For the Life of the World — Alexander Schmemann
Book published: March 2, 1997
Filed under Bestsellers
Occasionally one will stumble upon a book so filled with simple Christian wisdom as to take one’s breath away. Such is the case with For the Life of the World by the late Orthodox writer Alexander Schmemann. Originally written as a study guide on the Sacraments for a conference, the impact was so great it was decided to make the study more widely available in book form. The decision to publish has certainly been vindicated – the book has been influential not just with the Orthodox but throughout the Christian world and has profoundly affected (for the better) the Christian understanding of the Sacraments.
From the first sentence we are taken into a view of the Sacraments immersed in the historic liturgy of the Church. For Schmemann, the Western Church commits a fundamental error in attempting to analyze the Sacraments as “objects” in isolation from the liturgical context that gives them meaning. Instead, the Sacraments are the act of the Church within its liturgy to transform the world through Christ by offering the world and ourselves to the Father.
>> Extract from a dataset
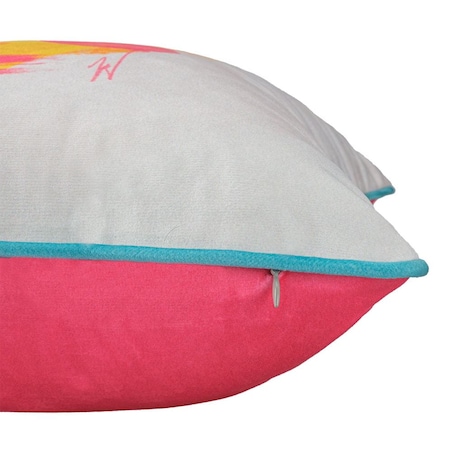 Poszewka dekoracyjna 43x43 kolorowa, abstrakcyjna twarz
Each of the recognized Sacraments of the Orthodox Church are considered within the liturgical life of the Church. This incarnational understanding of the Christian Faith presents the world itself – created by God and declared good – as something to be redeemed through Christ. Rejecting both the semi-gnostic anti-Sacramentalism of some Protestants as well as the view of medieval Roman Catholicism that bordered on “magic”, Schmemann returns to a patristic view of the Sacramental life. This is no Eastern Orthodox polemic – Schmemann criticizes his own Church for abandoning the true understanding of the Sacraments for alien concepts – but a plea for the followers of Christ to appropriate a truly Christian understanding of life.